Can we agree that this is getting out of hand? Assassination attempts – which is what this is – open a new front in football’s most depressing rivalry. At this point it’s customary to blame both sides and appear above the fray. But no-one’s sending bullets and parcel bombs to Walter Smith are they?

No doubt people will again argue that the existence of Catholic schools is somehow responsible for this senseless sectarianism. If only protestant neds were schooled [sic] in the company of their Roman Catholic counterparts they’d appreciate they have more in common with them than they realise! Something like that anyway. And so it follows that parents’ perfectly reasonable desire to choose their childrens’ education must be forfeited to assuage the lowest, basest elements of Scottish society. If in doubt, blame the victims and shift attention from the real problem which is, in this instance, the ridiculous pathologies of a certain strand of West of Scotland* masculinity.

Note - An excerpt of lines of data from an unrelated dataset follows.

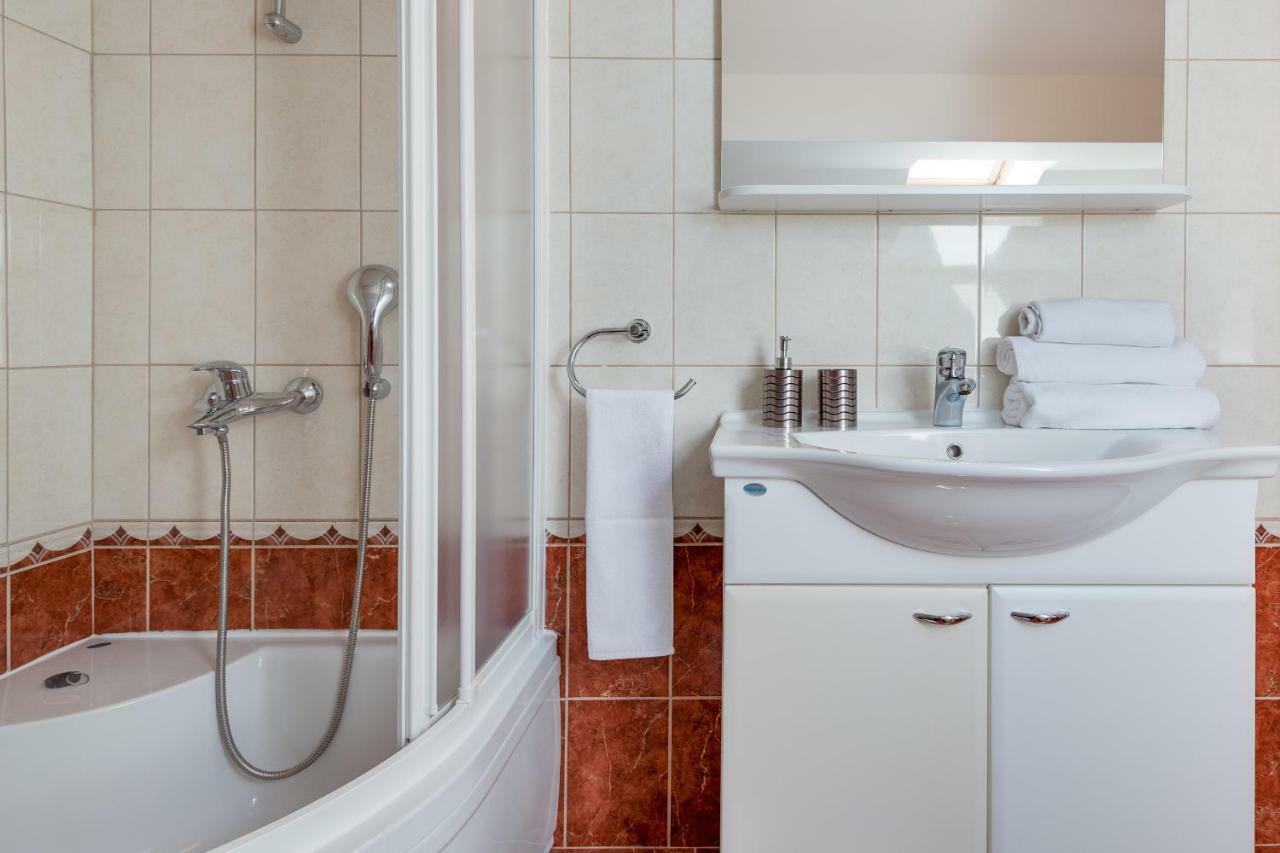 Apartamento Studio Maslina Šibenik Exterior foto
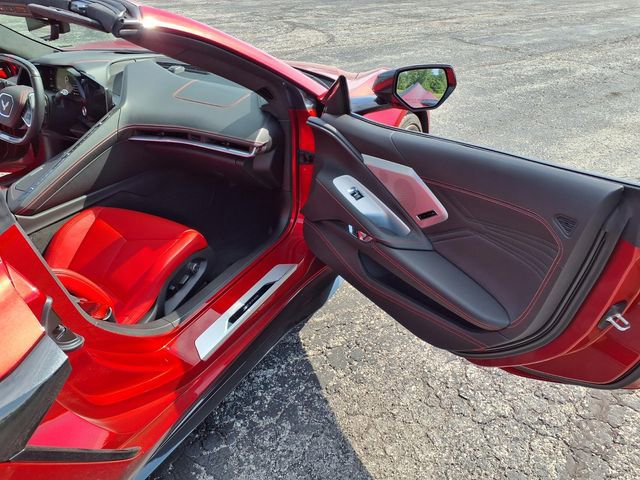 Used 2025 Chevrolet Corvette Z06 RWD image 69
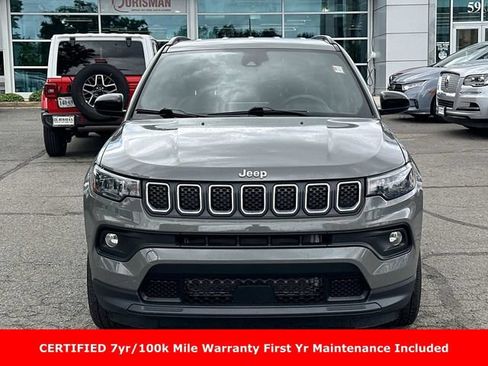 Used 2023 Jeep Compass Latitude AWD/4WD image 7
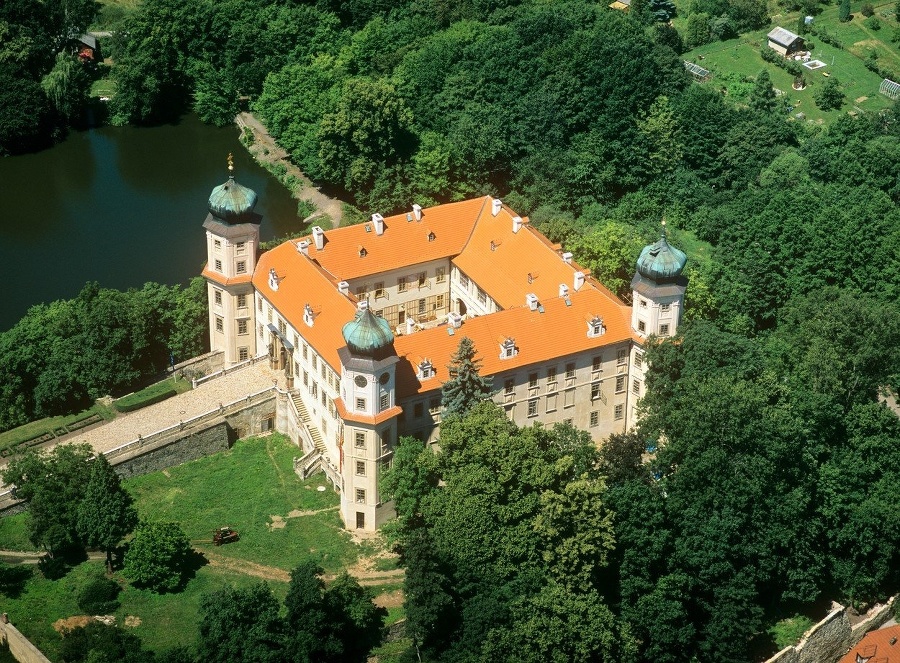 Mníšek pod Brdy, Česká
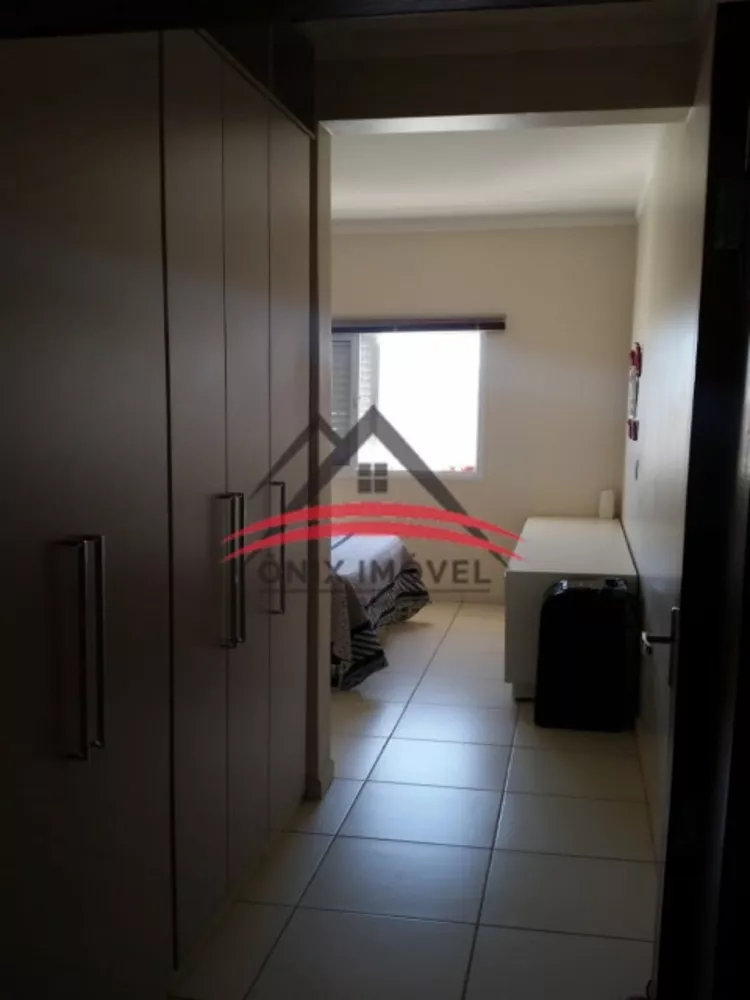 Apartamento à venda com 2 quartos, 82m² - Foto 3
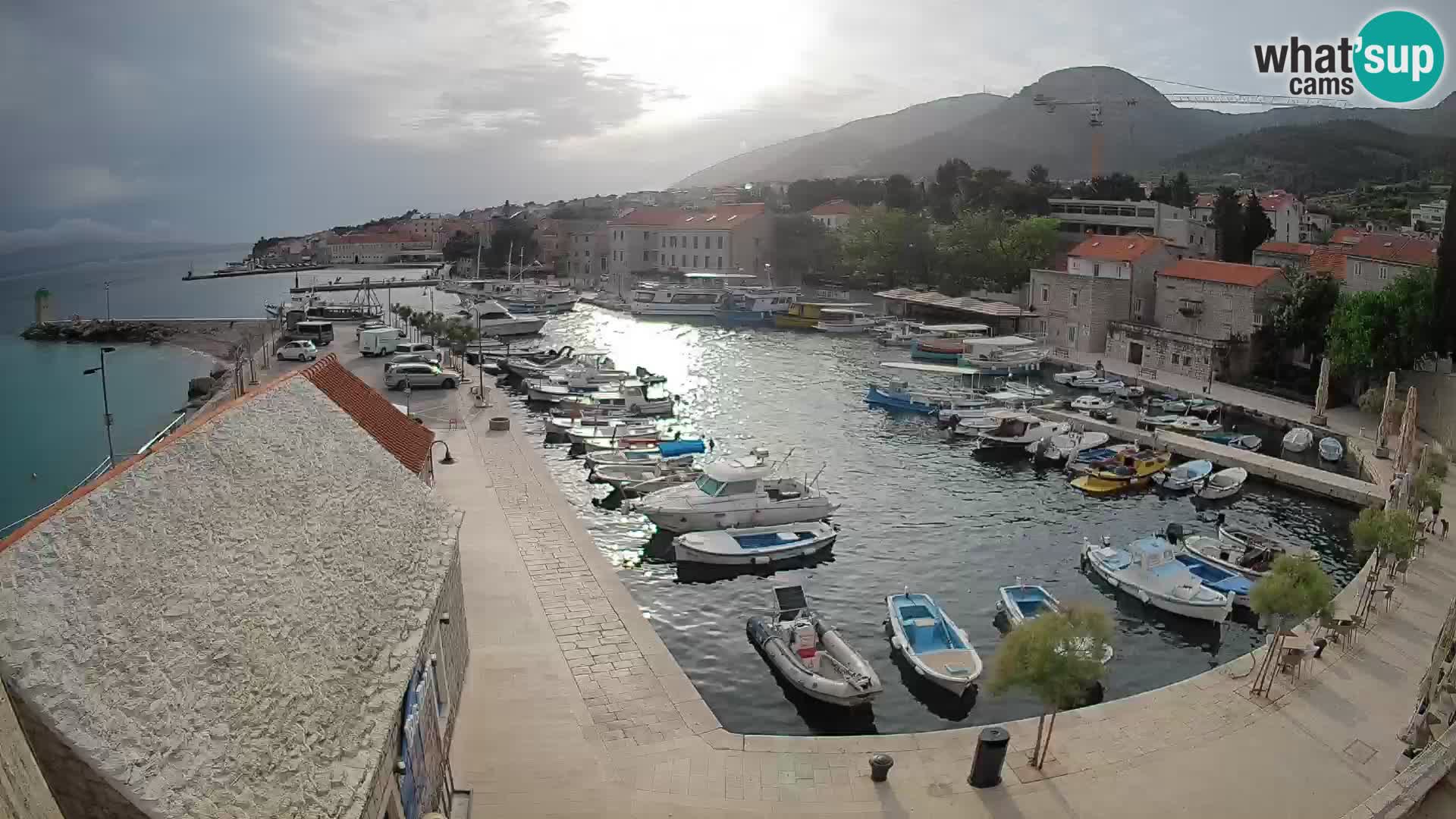 Web kamera Bol Riva – Pogled uživo na luku i marinu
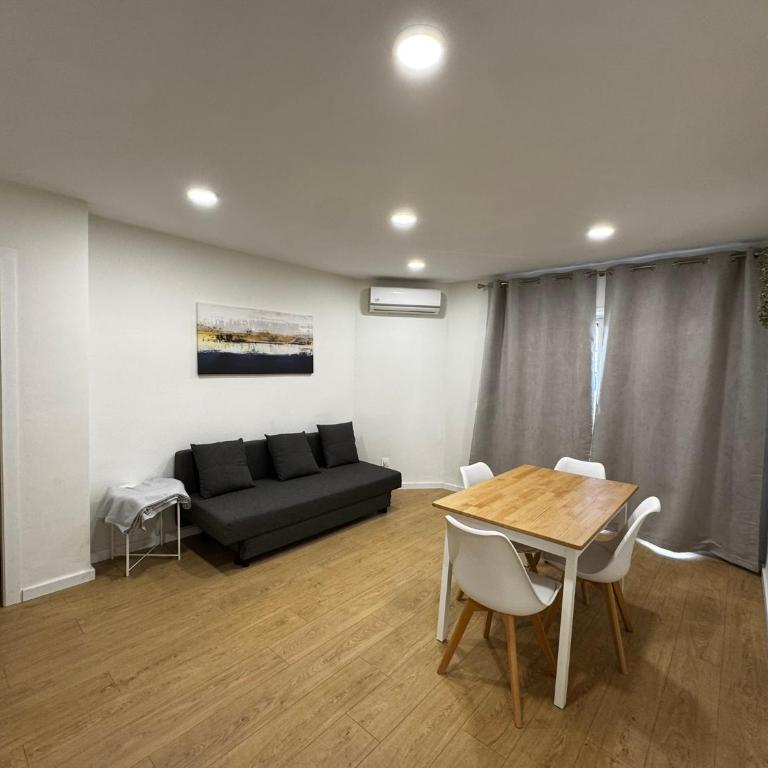 M10 Salou apartaments - Two-Bedroom Apartment with City View - 11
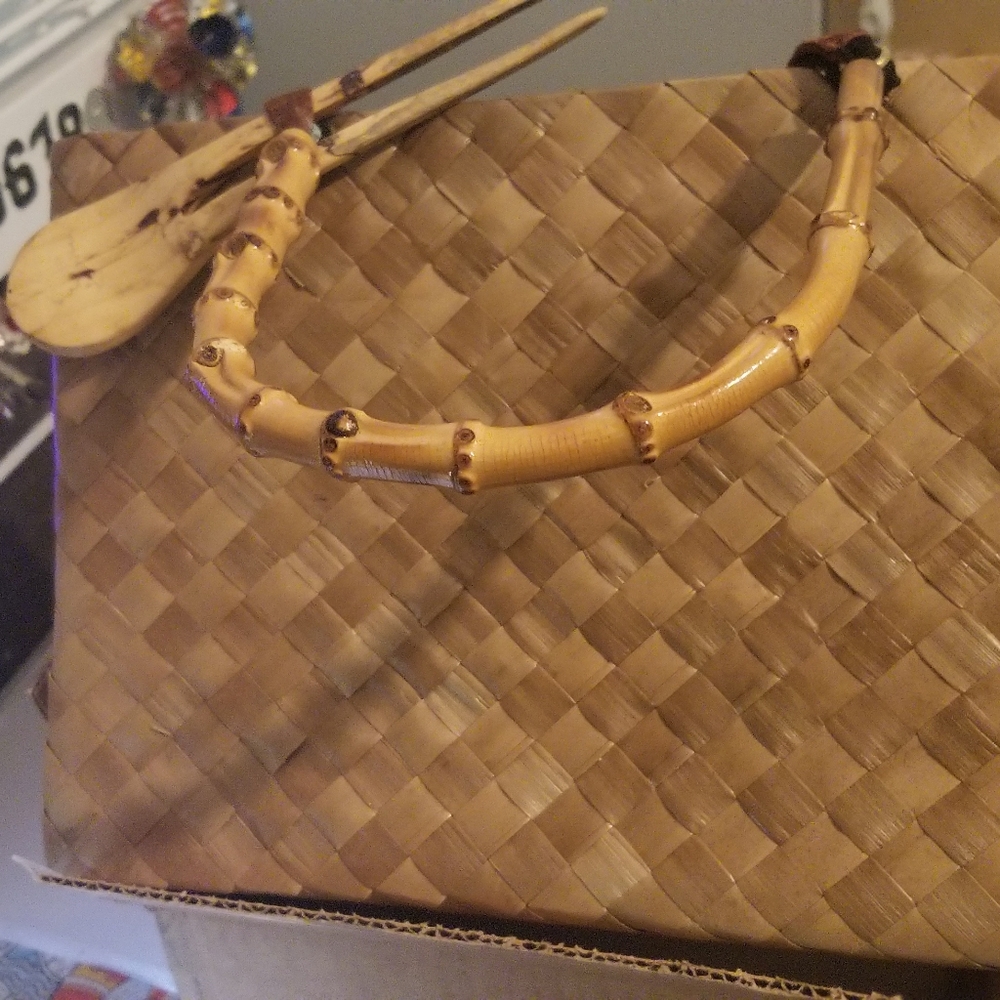Hand made hawaiian handbag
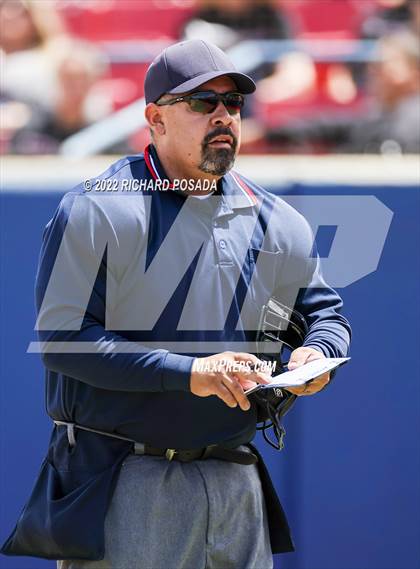 Thumbnail 2 in Arvin vs. Nipomo (CIF CS Division VI Championship) photogallery.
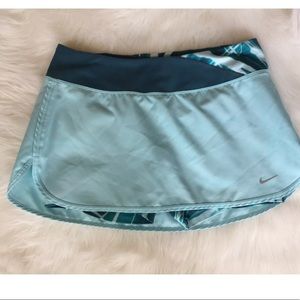 Nike Women's Tennis Golf Athletic Skirt Small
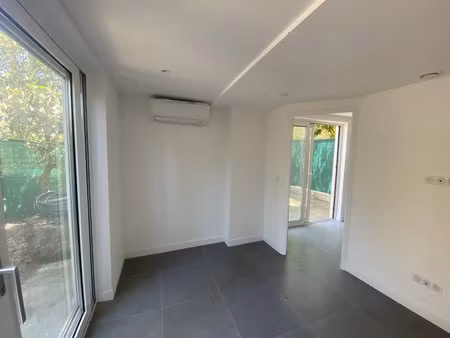 studio avec coin nuit rez de jardin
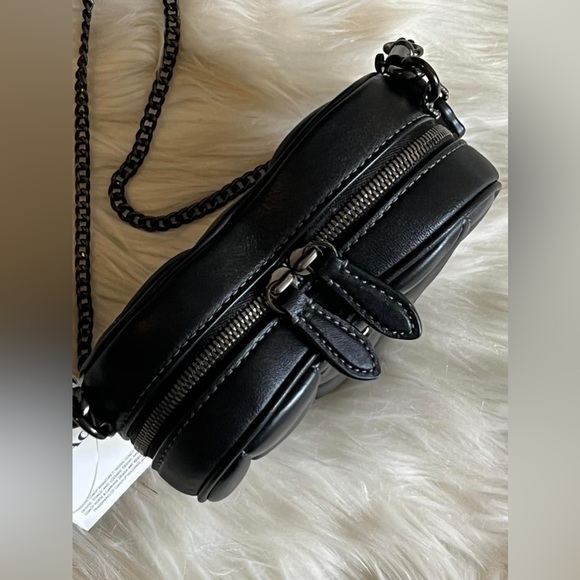 💰SOLD - CE766 - Coach Heart Crossbody 14 with Pillow Quilting - Picture 6 of 12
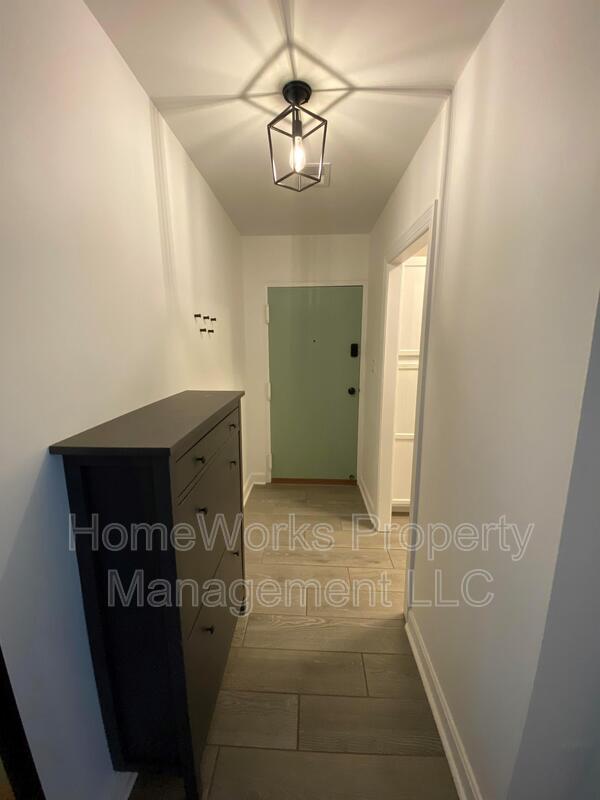 Building Photo - 10547 Twin Rivers Rd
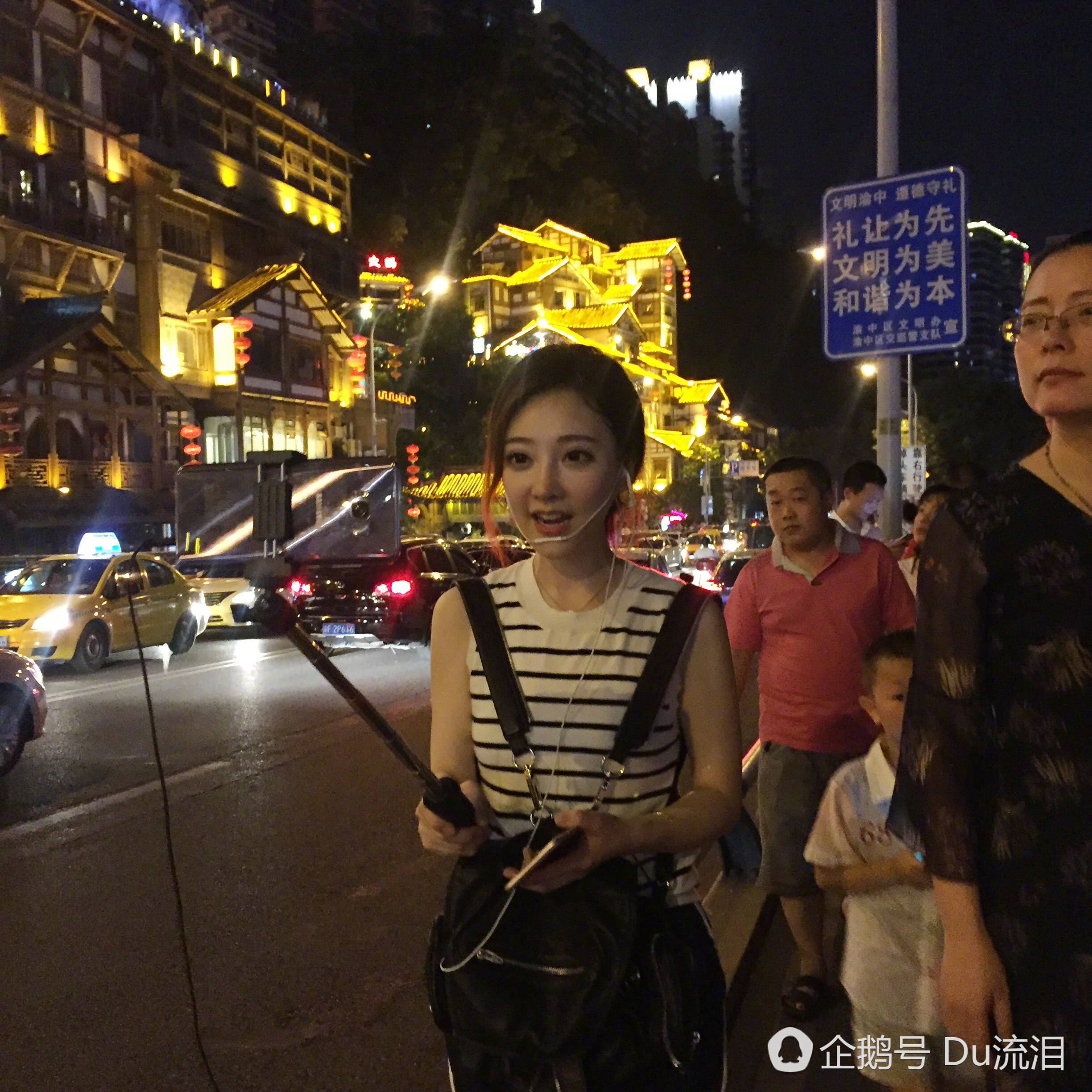 冯提莫现身重庆街头直播 边走边唱引围观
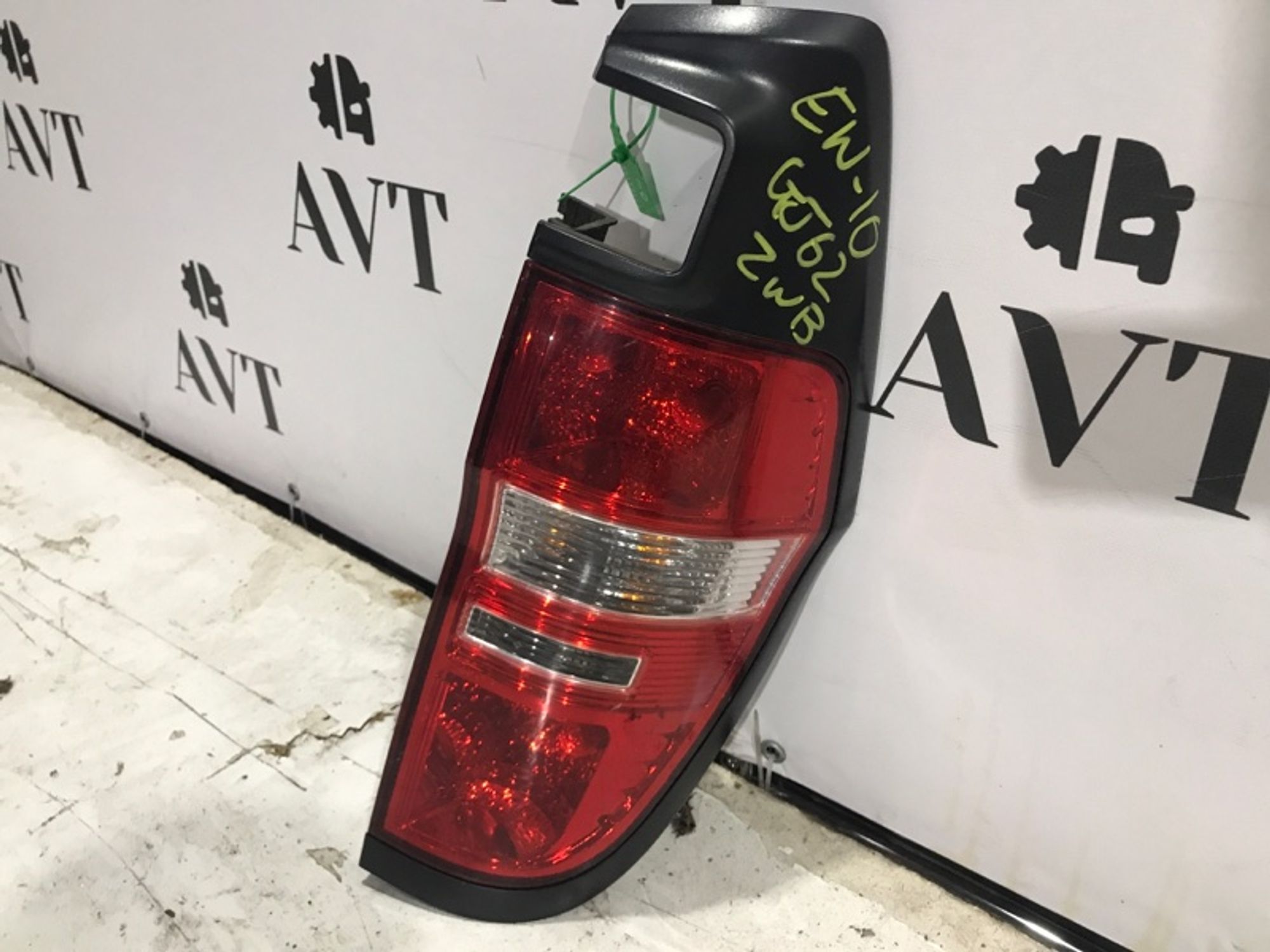 Фонарь задний правый Hyundai Grand Starex D4CB, 4000 рублей, Ростов-на-Дону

When it comes to the ghastliness of Old Firm football, it seems that matters are getting worse, not better. I suspect this is a consequence of the Scottish league being less competitive than at any point since the Second World War. It’s as bad as the inter-war period when the pair harvested all but one championship. Such an uncompetitive league helps ensure that the four Old Firm games – the “greatest derby in the world” don’t you know? – will essentially decide the title, giving the fixture an importance that would be diluted were each to lose to other teams more frequently.

Meanwhile, the Daily Mash has a splendidly sardonic reaction to this latest escalation:

Scottish football’s premier league is to award three points for a successful bombing campaign.

From next season teams will be encouraged to pick off each other’s players and management with sniper rifles, land mines and grenades

[A league spokesman added]: “Scottish football has never really been about football, as anyone who has seen one of the matches would almost certainly agree.”

[…] The move has been welcomed by other clubs who say that competitive murder could finally end the domination of Rangers and Celtic.

A spokesman for Dundee United said: “They will be able to afford bigger bombs and guns and bring in expensive foreign assassins who want the chance to kill people in Europe, but we will focus on guerilla tactics and the element of surprise.”

Quite.

Solve the Glasgow Problem and you solve most of Scotland’s problems. If one felt Holyrood could do this there’d be a decent case for giving the city its own dedicated department and cabinet minister.

*Not an exclusively western problem but largely so.